Much "to-do" is made over pick up spring tension just like commutator spring tension. Either or both can be the certain death of good track manners for ANY chassis if you crank it up too much. Experienced builders generally come to the conclusion that less is more. 

As for pick-up springs, you have to keep in mind that once the chassis is on "plane" the rush of forward momentum keeps the contact patch pressed onto the rail. I prefer just enough tension for a good clean start and a properly adjusted patch. Otherwise your just grinding copper for no reason and dragging your chassis down; not to mention the detrimental handling effects.


----------



## Boosted-Z71 (Nov 26, 2007)

Joe is the chassis "square", I had a JL/AW that handled horrible, never the same problem & it was a leaner, Chassis was twisted so bad all you could do is make the tires larger on the high corner to compensate & it still handled poorly after that. It eventually became a push car with a mangled body for track art. Also are you running the original AFX ski shoes? I like those, but they are a bear to get right, so almost the entire shoe sets on the rail & very soft spring. 

Boosted


----------



## joegri (Feb 13, 2008)

bingo i have bingo!! bill h is correct the axel was a lil bent. so with an axel swap and some jb,s thunder brushes and i put a lil taller rears (.475) the chassis is quick smooth and predictable. i dug around some boxes and found this lexan cobra that i gave up on and decieded that it will work for this chassis.now i have a fresh afx that is a contender on my trak. i think it,s a top 3 but i cant really tell no timing device or anybody to race with. the tuning section is my favorite place to lurk u can really get the answer ya need here. thanx fellow ht guyz for the help with my unrulie afx!


----------



## Bill Hall (Jan 6, 2007)

Fundamentals...go figure! :thumbsup:

That's good news Joe. While this sounds kinda cornball; I've found that almost every annoying or troublesome tuning issue goes back to some fundamental build step that I overlooked. 

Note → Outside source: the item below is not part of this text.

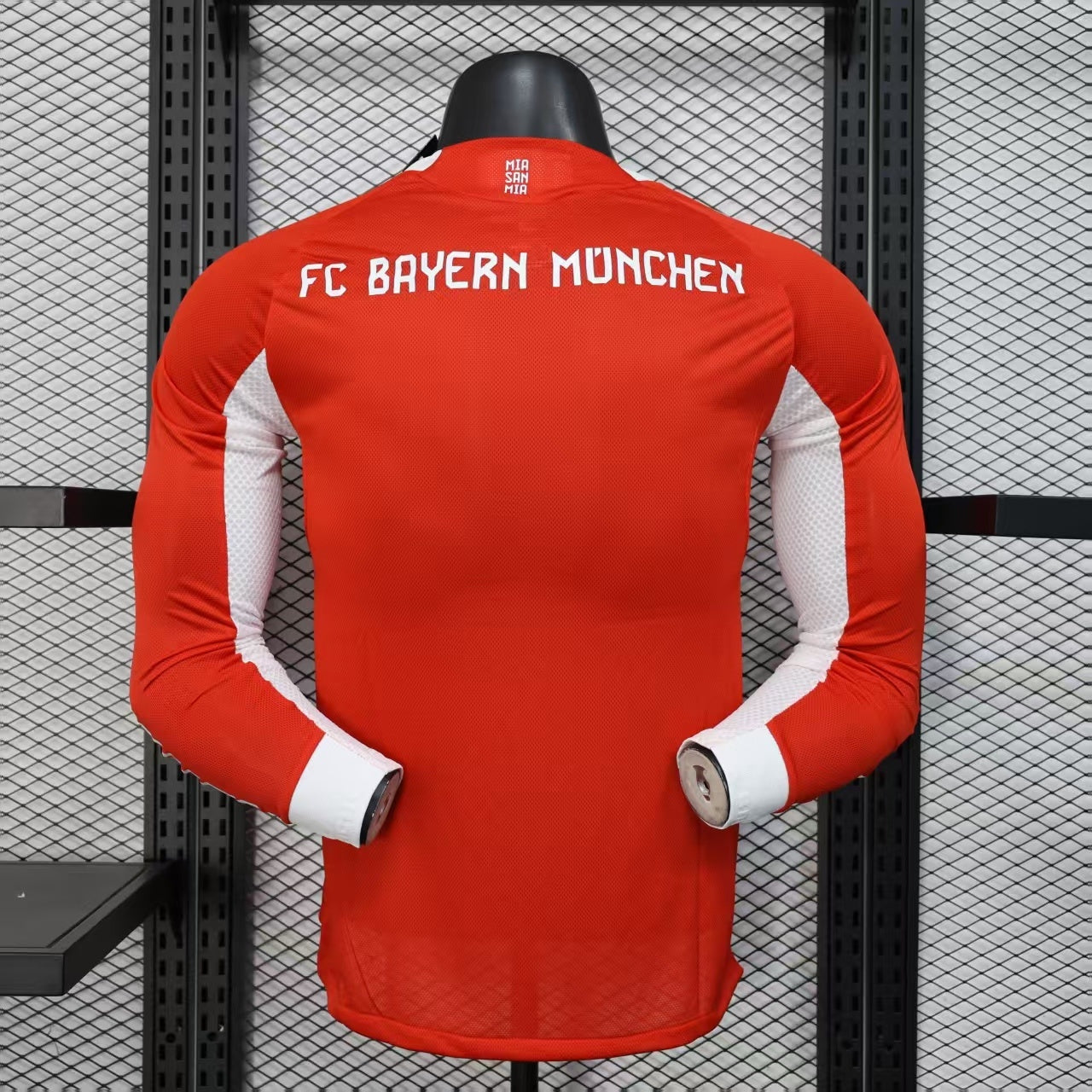 BAYERN MUNICH 25/26 LOCAL VERSIÓN PLAYER MANGA LARGA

IMHO, Boogered up tires wheels and axles are the number one cause of bad track manners


----------



## WooffWooff (Dec 23, 2009)

*Retro RTHO brass fronts...*

the ones that the "OD" was about the same as an original tjet tire, are great for taming an AFX(not AFX/MT). He no longer sells'em but if you can find any, just open the AFX axle hole a tad and away-she goes........


----------